A: Once the licenses are cancelled, you should contact your insurance company and request that the Bonds be cancelled as well. We’re not aware of any requirement for them to remain on file. This being said, in CA for instance, consumers can make a claim against the Bond for up to two years after cancellation.
Q: My insurance company did not renew my Contractor’s Bond and now my license is suspended. I contacted them and they are going to write a new Bond. This means my license will show a suspension for these past weeks and this makes me nervous. Do you know if they can backdate the Bond so there is no break?
A: I can tell you that the CSLB will accept a “backdated” Bond if it is received within 90 days of the expiration date. They will retroactively lift the suspension, which means it will not show on your record. Whether your bonding company will backdate the Bond is up to them.
Q: We currently have a Joint Venture (JV) license made up of three entities and we would like to remove one. I assume that when we remove that entity we will also need to amend the name of the JV to remove that company’s business name. Is this possible and how is it done?
A: Joint Ventures are treated the same as Partnerships, which means when you remove an entity (partner) from the license the license is cancelled.
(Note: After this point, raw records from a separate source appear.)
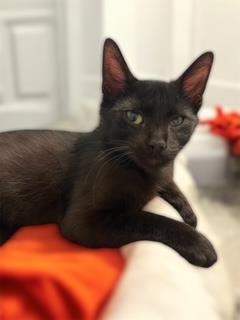 Photo of Coraline Raven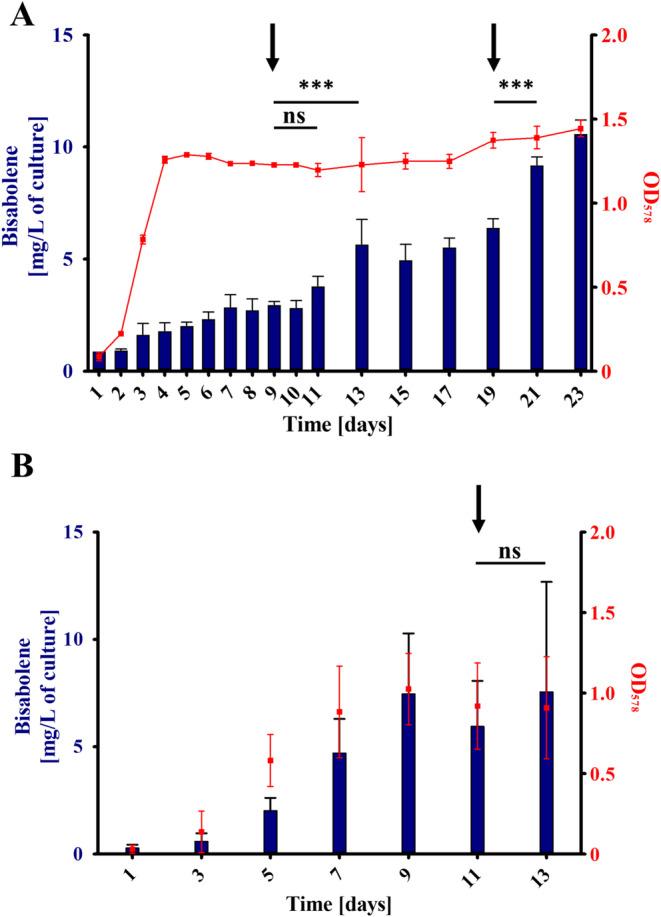 https://cdn.ncbi.nlm.nih.gov/pmc/blobs/f4bc/11816158/457cab779112/MBT2-18-e70105-g006.jpg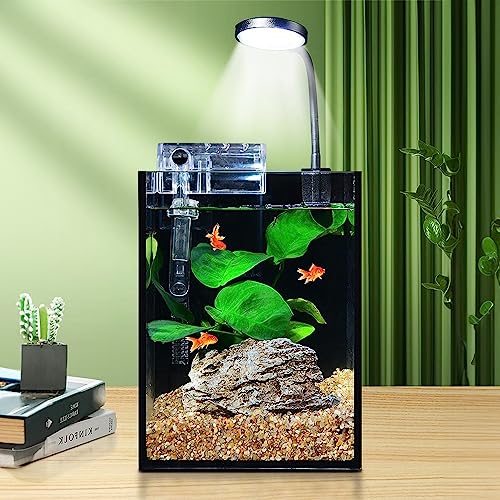 SANOSY Aquarium-Set für Kinder, klein, eisenarmes Glas, Anfänger-Fischschale mit LED-Licht und Wasserpumpe für Kinder, mit Zubehör, selbstreinigender Filter von SANOSY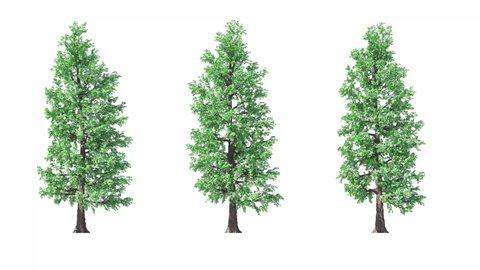 Isolated 3D realistic Tilia tree on the wind, White background with transparent cut-out animation and alpha channel.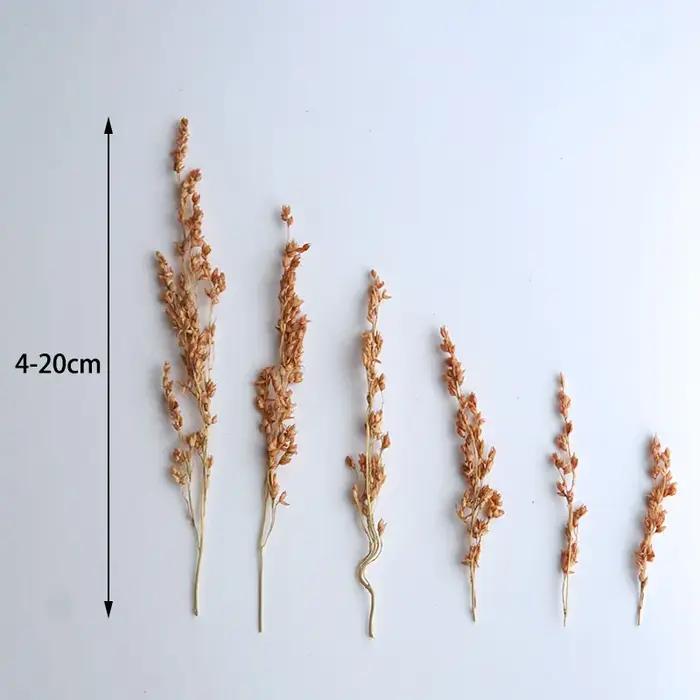 10g/Coloré Fleurs de maïs séchées blanchies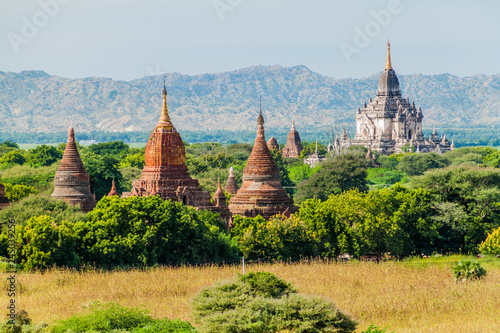 Skyline of Bagan temples, Myanmar. Gawdawpalin temple on the right side.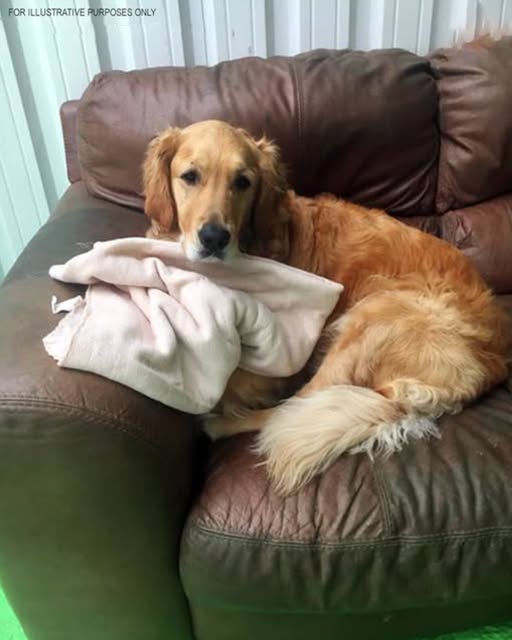 Heartwarming Surprise: How a $20 Couch from a Garage Sale Transformed My Life in Just One Day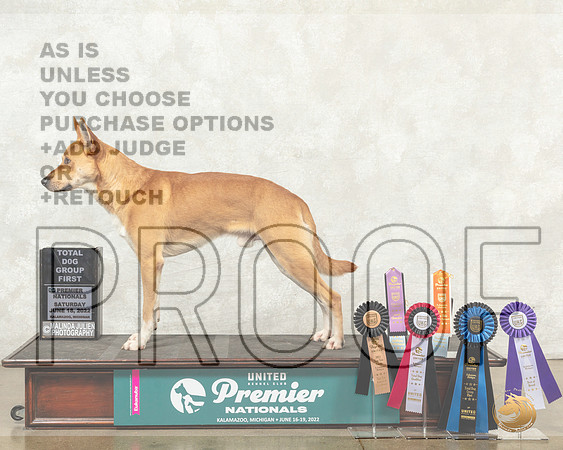 Carolina Dog #1319 Sun__MJ_9588_Premier_2022_HR3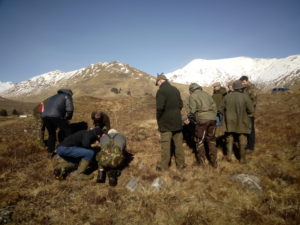 Examining a quatrat in upland habitats near Wester Ross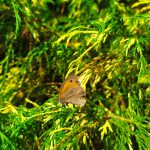 IMG-20250721-WA0663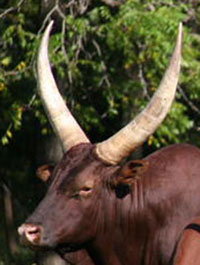 La Dorada Red Eagle, FP Bull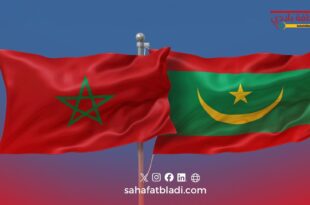 مشروع طاقي غير مسبوق.. ربط كهربائي مباشر بين المغرب وموريتانيا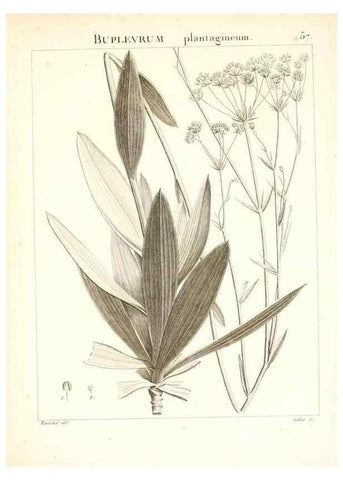 Reproducción/Reproduction 7455973684: Flora Atlantica, sive, Historia plantarum quae in Atlante, agro Tunetano et Algeriensi crescunt /. Parisiis :Apud Blanchon,1800.
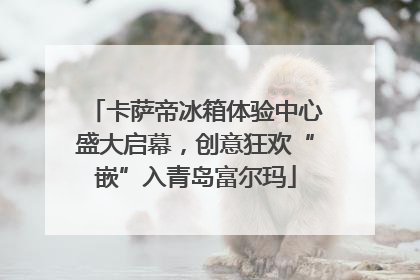 卡萨帝冰箱体验中心盛大启幕，创意狂欢“嵌”入青岛富尔玛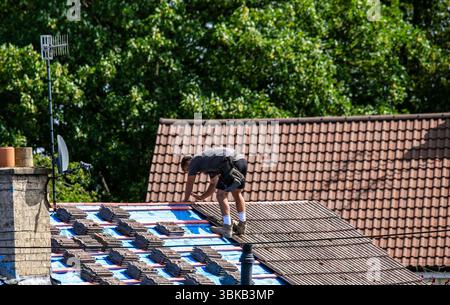 Worker on a sloped roof placing tiles under sunlight with trees and another tiled roof in the background Stock Photo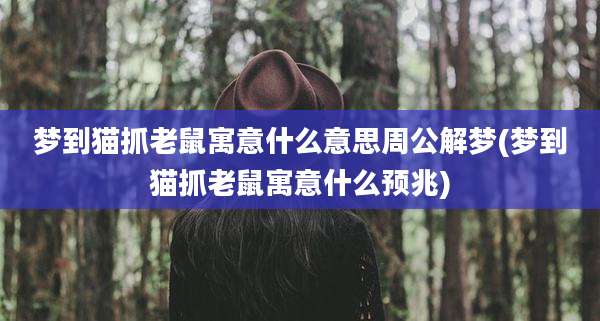 梦到猫抓老鼠寓意什么意思周公解梦(梦到猫抓老鼠寓意什么预兆)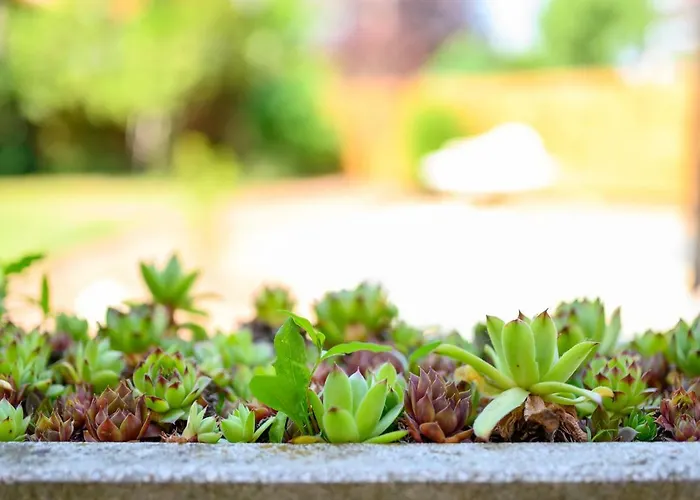 La Maison Du Calme *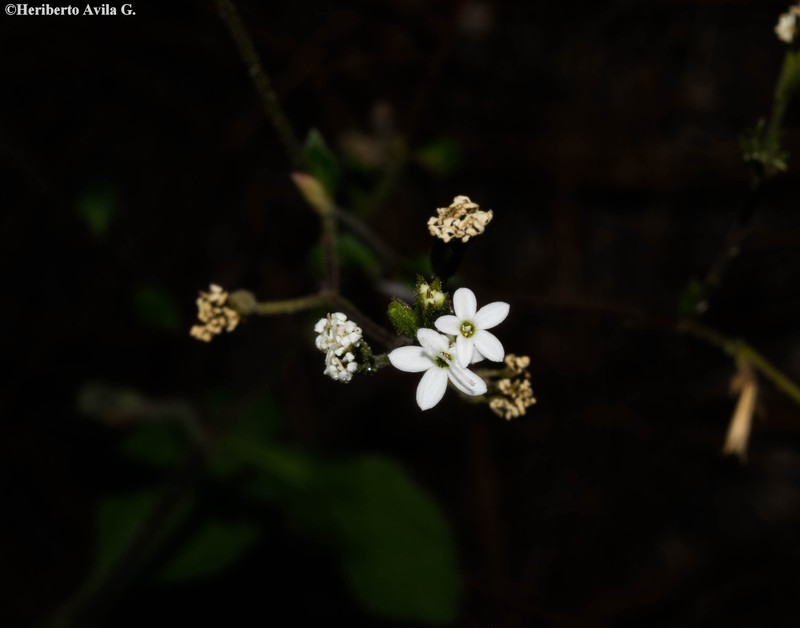 Stevia alatipes photo 5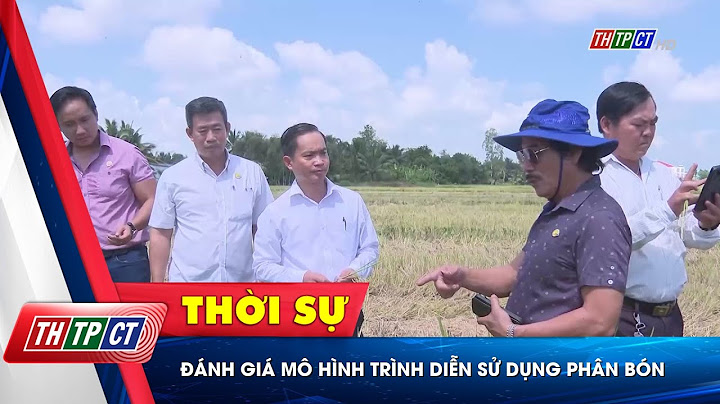 Công ty cp phân bón hóa chất cần thơ năm 2024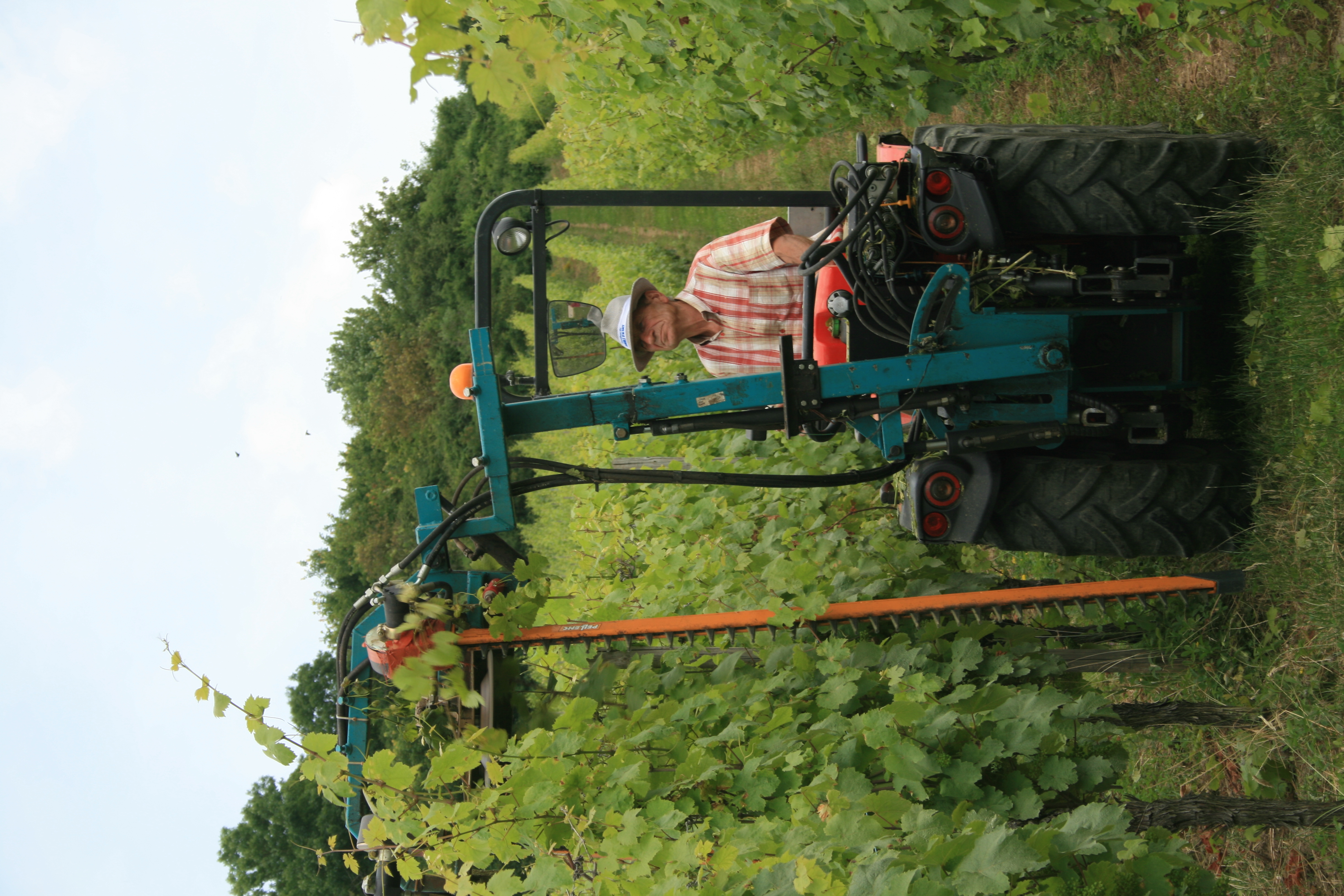 IMG_8525.JPG (3.41 MB)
So, in order to do business as the Joint Venture with just the two remaining entities, you would need to apply for a new license.
Also, you are correct that when you apply for the new license you will need to amend the business name. As you may already know, an acceptable Joint Venture business name must include the full business name of each entity listed, part of each entity’s business name, or a completely fictitious name.
Both California and Nevada Issue an “Industry Alert”
Nevada and California want to give contractors a heads-up on a situation they’re dealing with in both States. This Industry Alert warns of a scam targeting existing licensees as well as new license applicants.
According to CSLB Registrar Steve Sands at least one “unscrupulous company is using information from CSLB’s website to contact licensees or applicants to mislead and scam them”. According to Mr. Sands, the caller leads the licensee or applicant to believe he or she works for the Contractors Board and needs to pay money over the phone to get continuing education credit, renew a license or to schedule a licensing exam.”
There is NO law requiring continuing education in CA or NV. Further, CSLB and Nevada License Board staff will never ask for credit card information over the phone, nor do they have the authority to process any payment by phone.
The CSLB has begun putting warnings in place on letters sent to applicants and with their renewal notifications. Both agencies have also prominently placed warnings on their web sites. Beware.